Problem statement >> Without the pictures, repeat the listing character for character.
#### Information shown ####
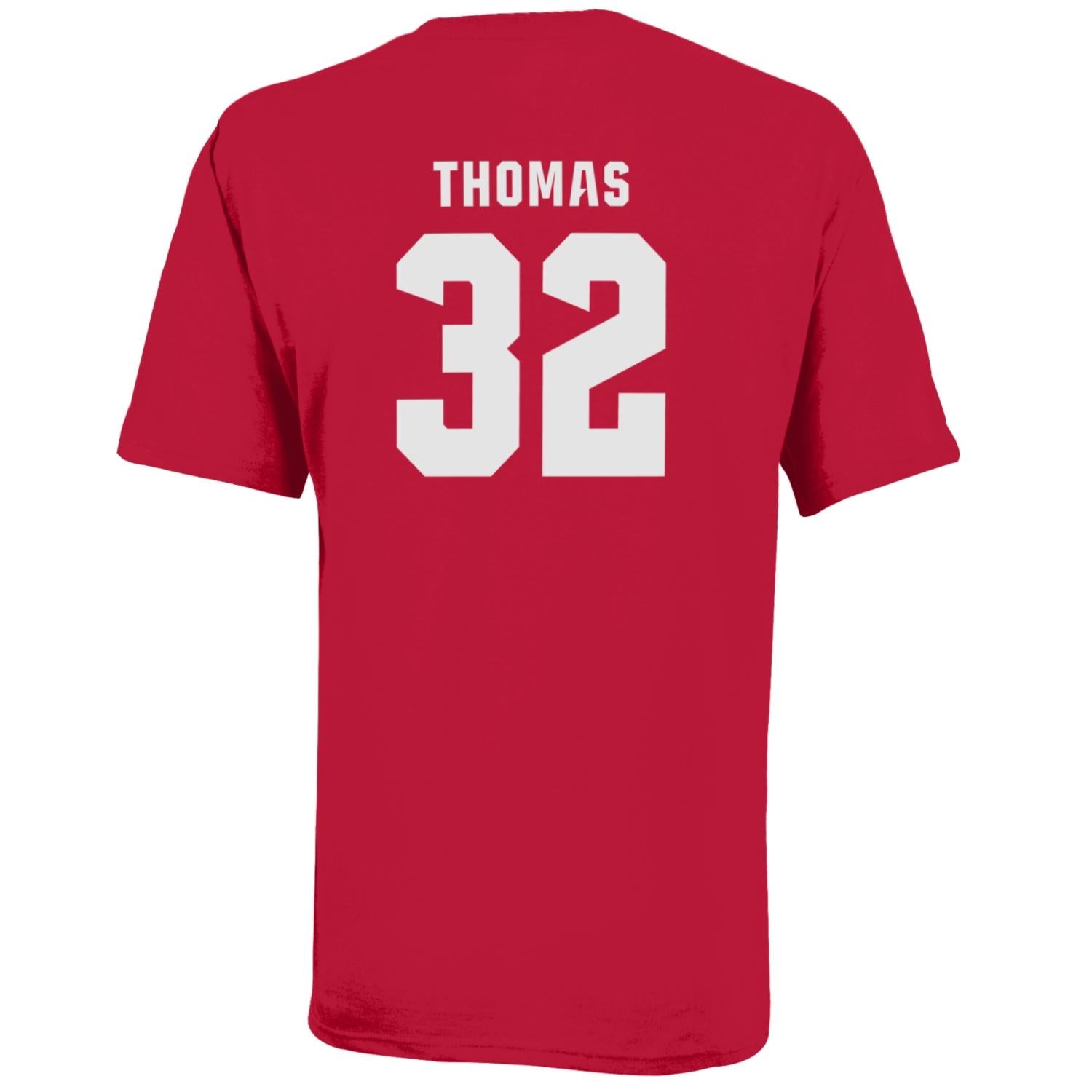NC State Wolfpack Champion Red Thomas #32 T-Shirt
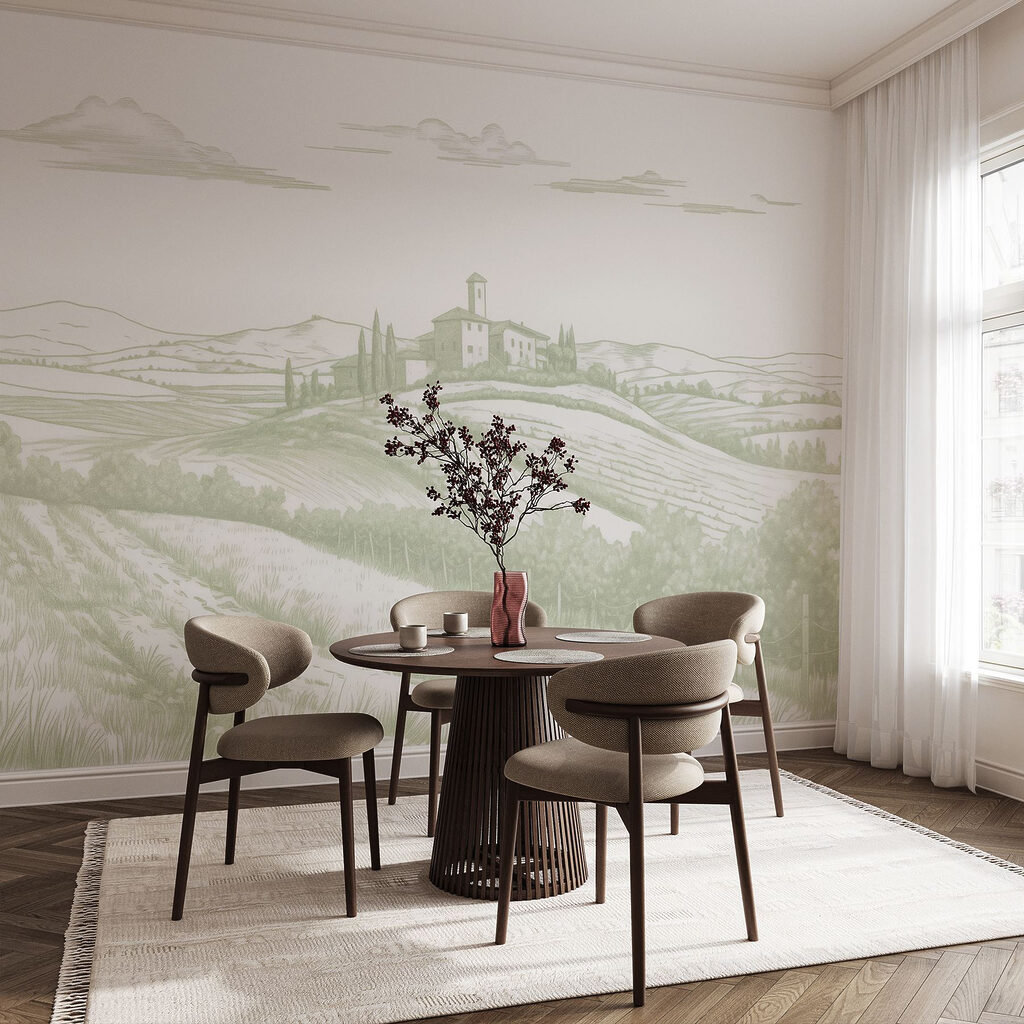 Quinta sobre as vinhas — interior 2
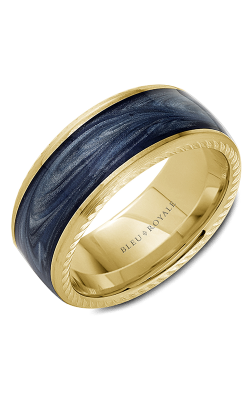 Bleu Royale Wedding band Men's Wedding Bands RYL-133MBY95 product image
####
Result of this exercise >>
NC State Wolfpack Champion Red Thomas #32 T-Shirt
 Quinta sobre as vinhas — interior 2
 Bleu Royale Wedding band Men's Wedding Bands RYL-133MBY95 product image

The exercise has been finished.